Right-Click Is Your Friend
If you right-click in the empty area to the right of your tools, you’ll get a pop-up menu with some handy functionality. First, you can easily control what you see in your Tool Palette from here.
To quickly display all the tools in a group, click on Tool Palette Group, then the group of tools you want to see.
The next couple of tools help you control the content you see in the Ribbon.
Expand the Show Tabs flyout menu, and you can choose to see just those tabs that are important to you.
Below that is the Show Panels flyout. Unlike the Show Tabs menu, this one only affects the current tab. Again, you can turn on or off that tab’s panels to match your personal workflow.
Note: Although I’ve shown Show Tabs and Show Panels from the larger, empty space menu, you can right-click anywhere on the Ribbon in AutoCAD to access them—even from right on top of a command!
Be a Panel Dragger
If you find yourself having to constantly switch tabs to get to your favorite group of commands, you might want to learn how to become a panel dragger. You see, the AutoCAD Ribbon Panels don’t have to stay in place and you can learn how to customize the Ribbon.
Let’s take the example of dragging the often-used Modify panel to be a floating panel elsewhere. They don’t have to stay within the interface either…put them on another monitor if you like. (Yes, that means you can “float” more than one).

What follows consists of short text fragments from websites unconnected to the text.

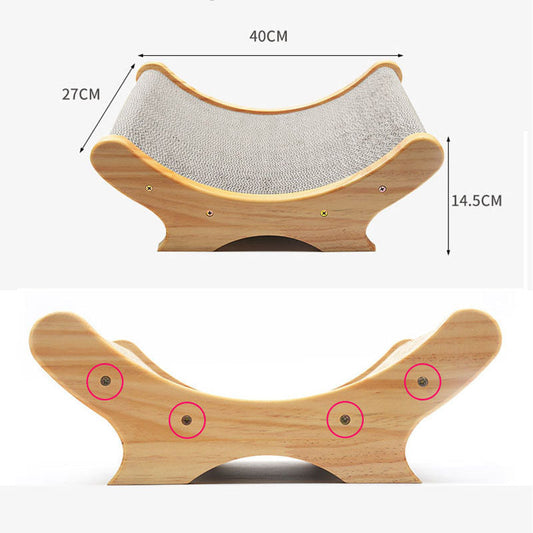 HKM-1240637 U-Shaped Cat Scratching Post and Toy - Corrugated Cardboard Bed for Cats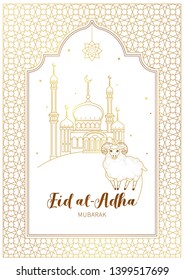 Vector illustration for muslim holiday Eid al-Adha. Gold cards with arabic decoration, sheep, mosque, golden geometric frame, calligraphy for happy sacrifice celebration. Decoration in Eastern style. 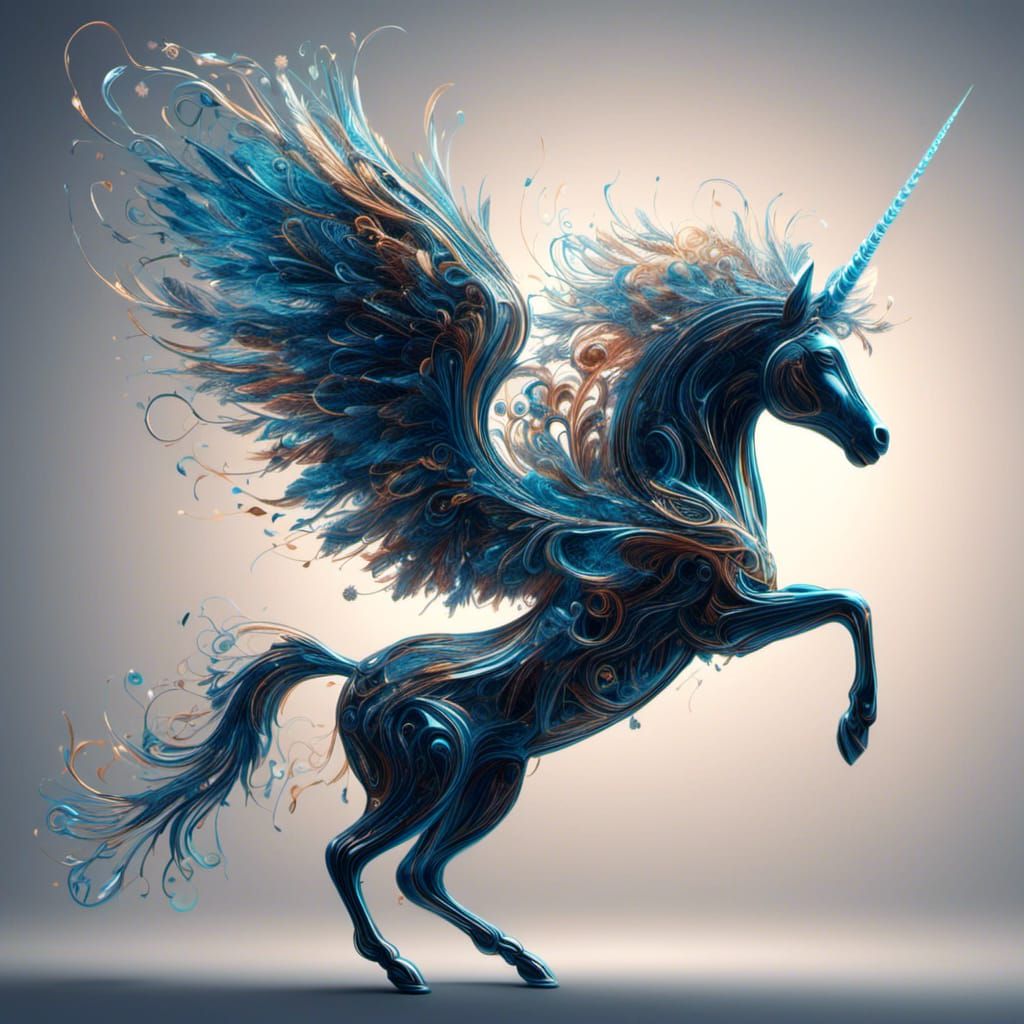 Electric Winged Unicorn in Abstract Ethereal Style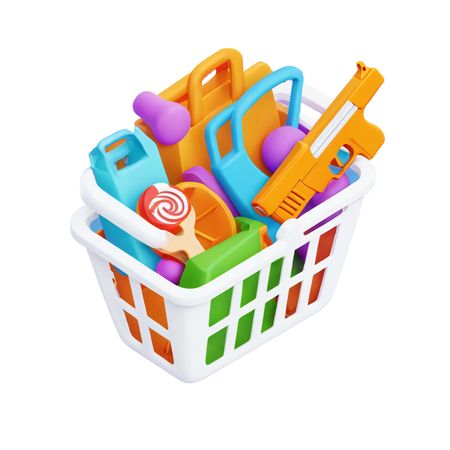 Toy in basket  AI Image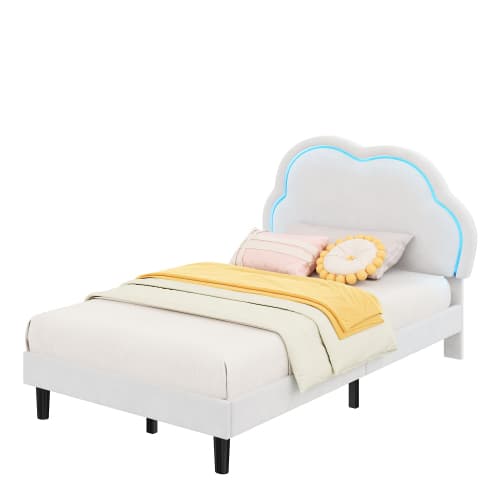 Discover the Cream Velvet Single Bed with LED Cloud Headboard - image 17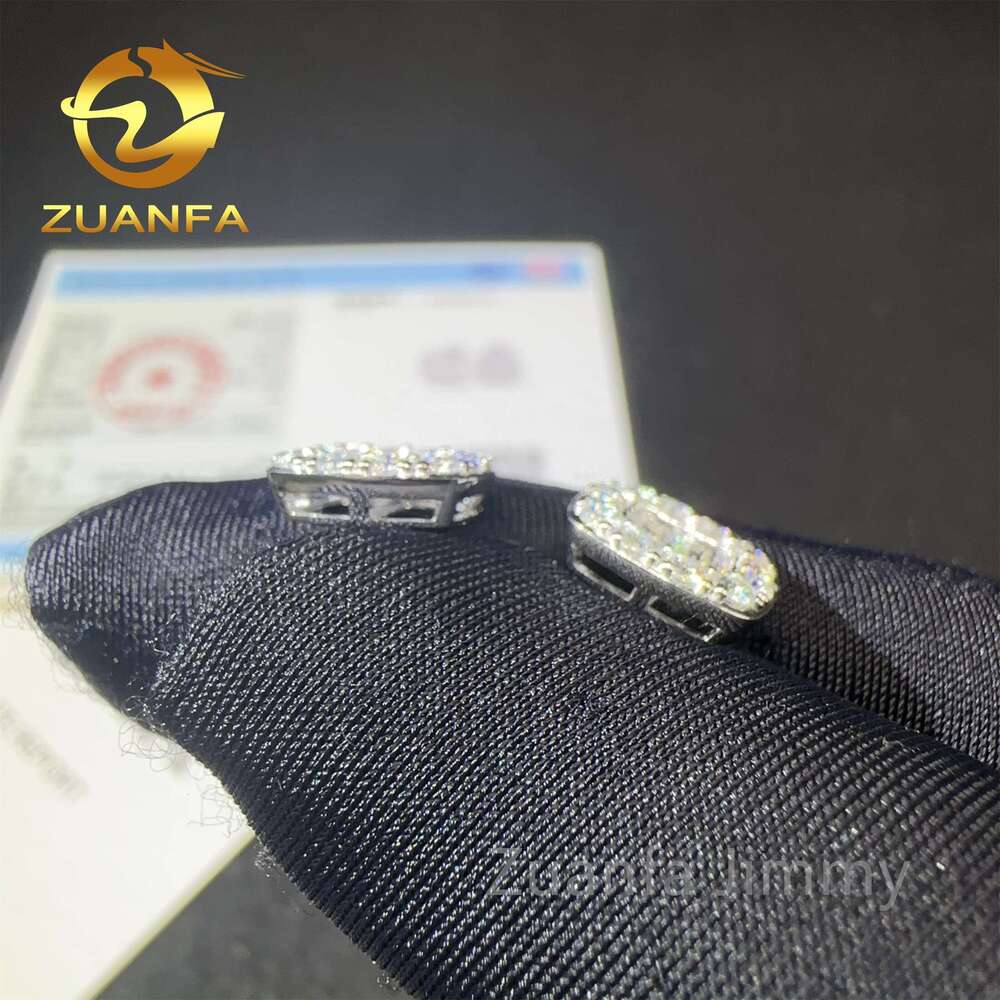 New Designs 14K Solid Real Gold Iced Out Hip Hop Jewelry Baguette Vvs1 Moissanite Diamond Stud Earrings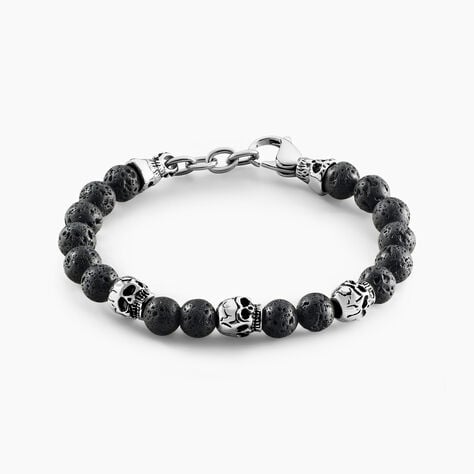 Bracelet Acier Blanc Hantz Pierre De Lave - Bracelets cha&icirc;nes Homme | Marc Orian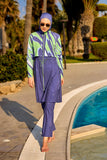 Marina Purple Full-Coverage Modest Swimsuit – M2509
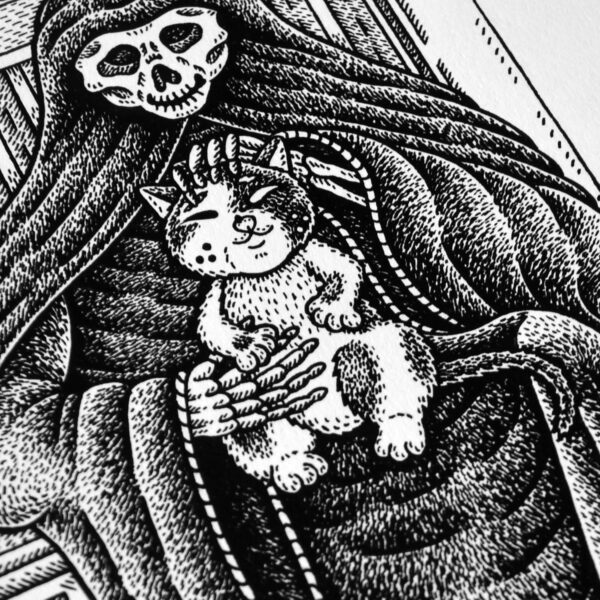 The Death's Best Friend Original Art Grim Reaper Creepy Cute Cat Drawing Gothic Home Decor Feline Illustration Nine Lives Skeleton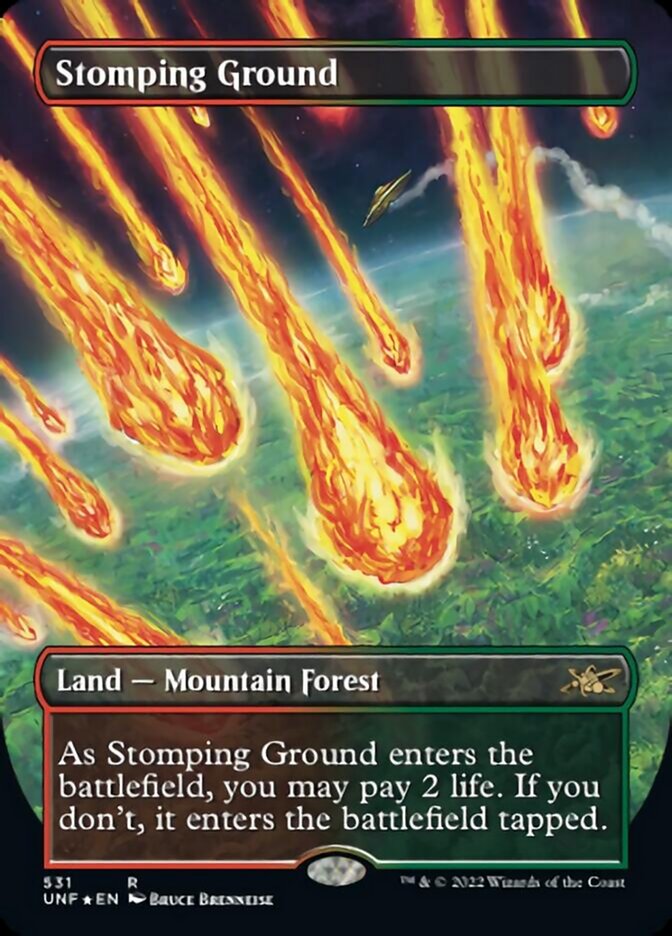 Stomping Ground (Borderless) (Galaxy Foil) [Unfinity] | The Clever Kobold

Once you’ve dragged them away, hovering your cursor anywhere on the panel will display the left and right edges. The left side is just a bar that allows easy access for moving the panel.
The right side though, has two important functions. Note the tiny icons in the corner. The bottom one will change the orientation of the panel (horizontal vs. vertical). That can be handy, but it’s the one above it that is more important. Clicking it will return the panel to its previous position on the Ribbon.
You Do You
The Ribbon in AutoCAD has come a long way since it was introduced in AutoCAD 2009, and I quickly became a fan. Not only is it an incredibly efficient way to organize and access your tools, but like most interface elements in AutoCAD, it’s customizable to your workflow.
So now that you know these new Ribbon tricks, go ahead and drag a panel off or right-click to change or improve your workflow. You may be glad you did.